WHAT YOU HAVE TO DO
Please repeat exactly the lines below from the one containing "Gnome Sweet Gnome Fleecedecke" down to the one containing "Forno FFSGS6275-30 30-Inch", both included, and nothing else.

PROVIDED INFORMATION

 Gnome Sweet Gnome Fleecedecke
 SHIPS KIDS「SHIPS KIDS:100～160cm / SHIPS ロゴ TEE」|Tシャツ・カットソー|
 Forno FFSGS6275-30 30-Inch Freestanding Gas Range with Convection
---
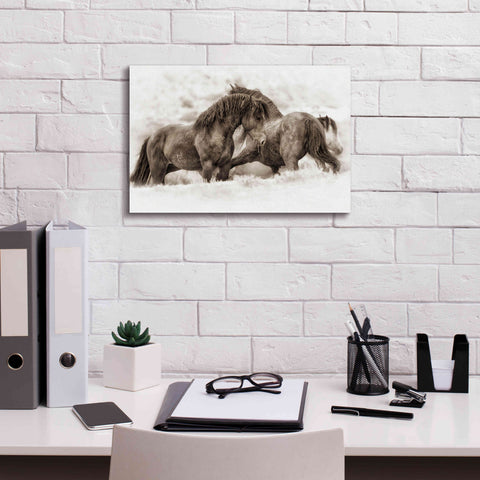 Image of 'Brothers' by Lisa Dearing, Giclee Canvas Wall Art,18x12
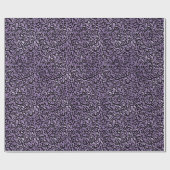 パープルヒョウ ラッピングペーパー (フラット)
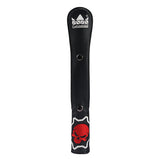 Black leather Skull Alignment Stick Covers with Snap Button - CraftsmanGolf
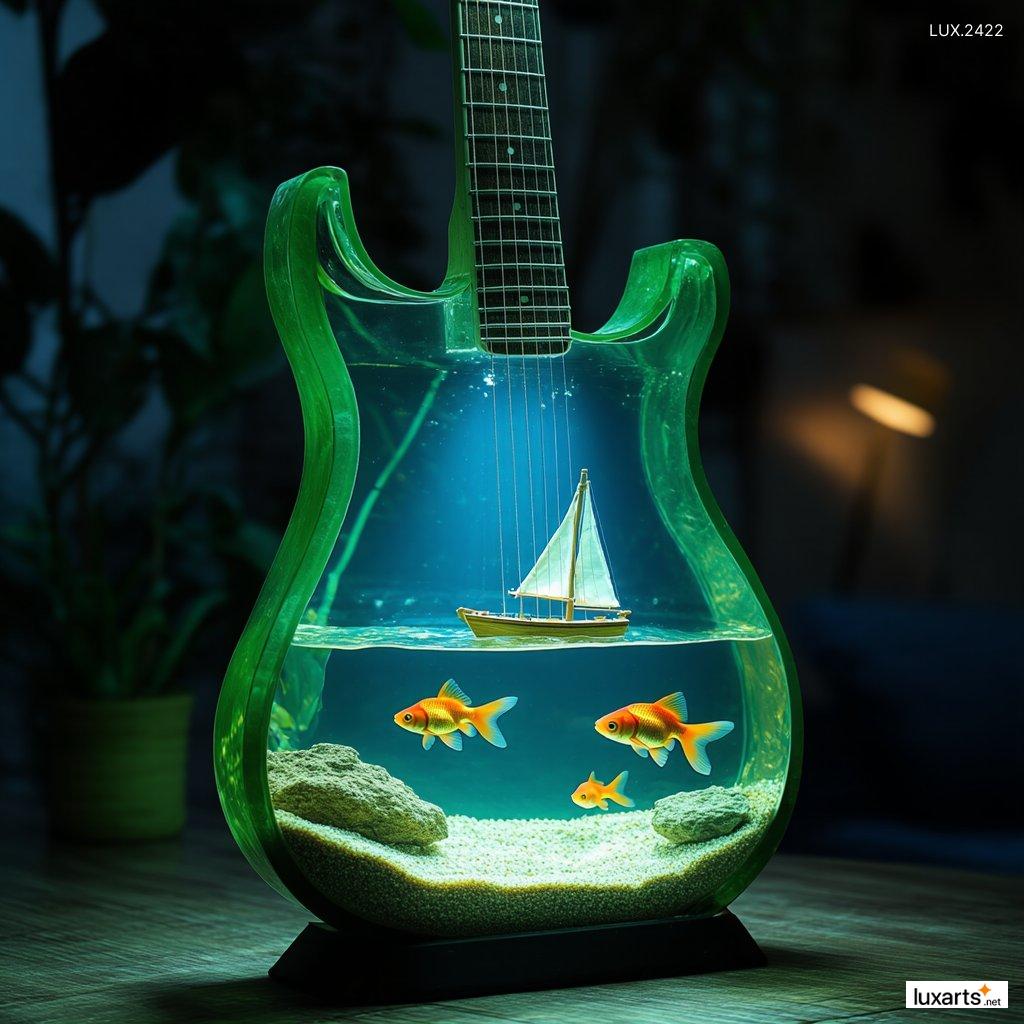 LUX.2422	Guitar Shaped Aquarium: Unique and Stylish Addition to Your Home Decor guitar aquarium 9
==
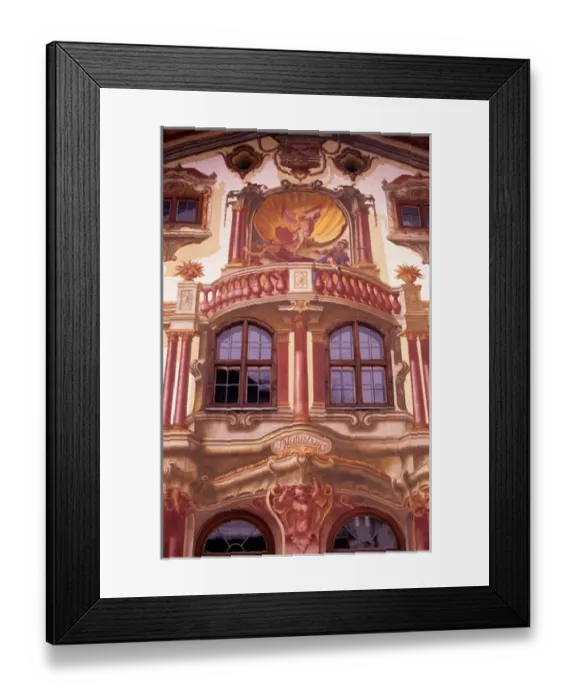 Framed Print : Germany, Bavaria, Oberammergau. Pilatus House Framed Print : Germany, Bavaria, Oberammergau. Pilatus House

ANSWER SPACE
 Gnome Sweet Gnome Fleecedecke
 SHIPS KIDS「SHIPS KIDS:100～160cm / SHIPS ロゴ TEE」|Tシャツ・カットソー|
 Forno FFSGS6275-30 30-Inch Freestanding Gas Range with Convection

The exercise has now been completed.